++++ Material for the task ++++
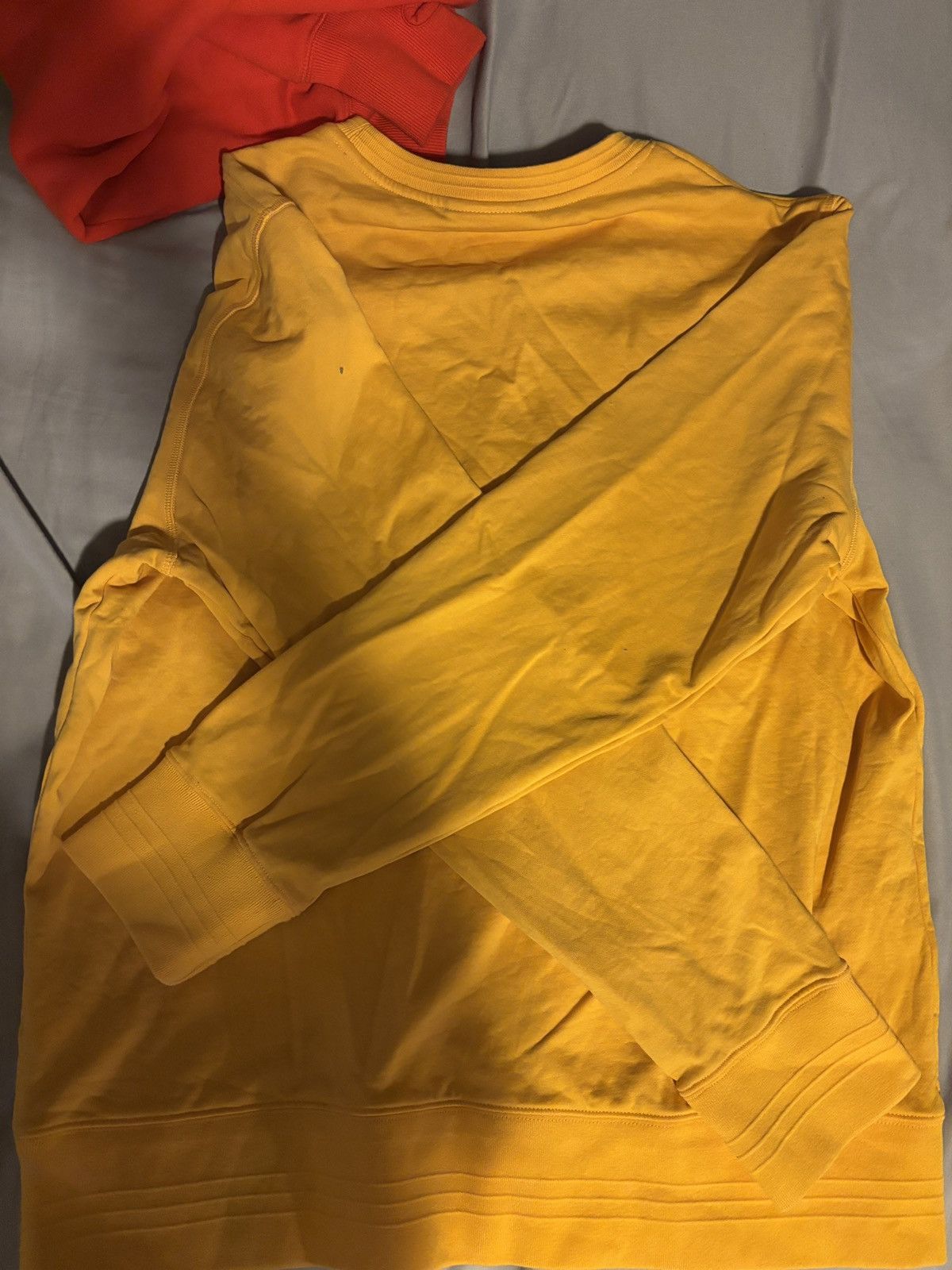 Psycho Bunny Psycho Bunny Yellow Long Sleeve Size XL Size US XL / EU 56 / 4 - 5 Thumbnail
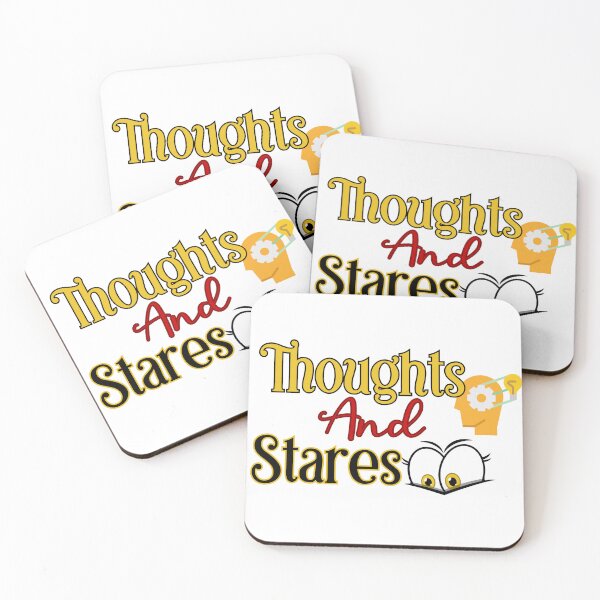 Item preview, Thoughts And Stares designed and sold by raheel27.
++++
++++ Material for the task ++++
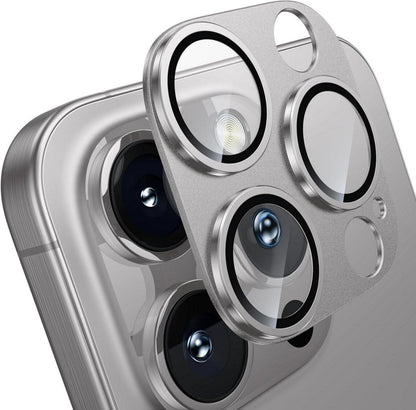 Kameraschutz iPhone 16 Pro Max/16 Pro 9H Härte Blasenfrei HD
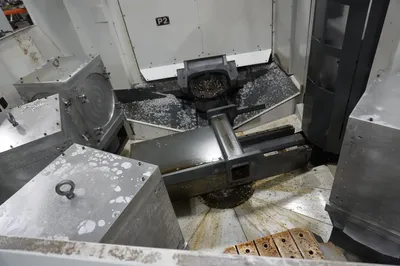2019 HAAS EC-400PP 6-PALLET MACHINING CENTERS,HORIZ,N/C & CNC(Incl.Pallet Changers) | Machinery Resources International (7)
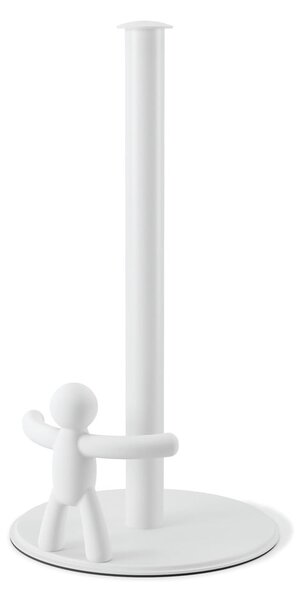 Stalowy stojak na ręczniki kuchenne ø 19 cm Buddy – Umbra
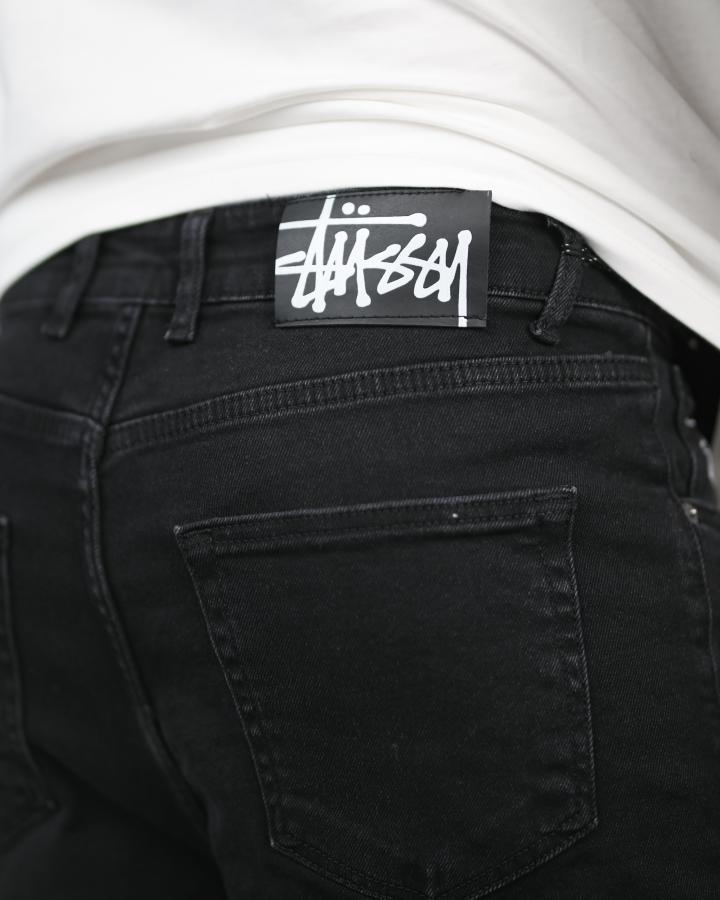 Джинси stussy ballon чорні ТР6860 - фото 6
++++
**Task goal**
In the entries above, which lines run from the one with "Stalowy stojak na" up to and including the one with "Джинси stussy ballon чорні ТР6860 - фото 6"? Write them out exactly, without the pictures.

**Exercise response**
 Stalowy stojak na ręczniki kuchenne ø 19 cm Buddy – Umbra
 Джинси stussy ballon чорні ТР6860 - фото 6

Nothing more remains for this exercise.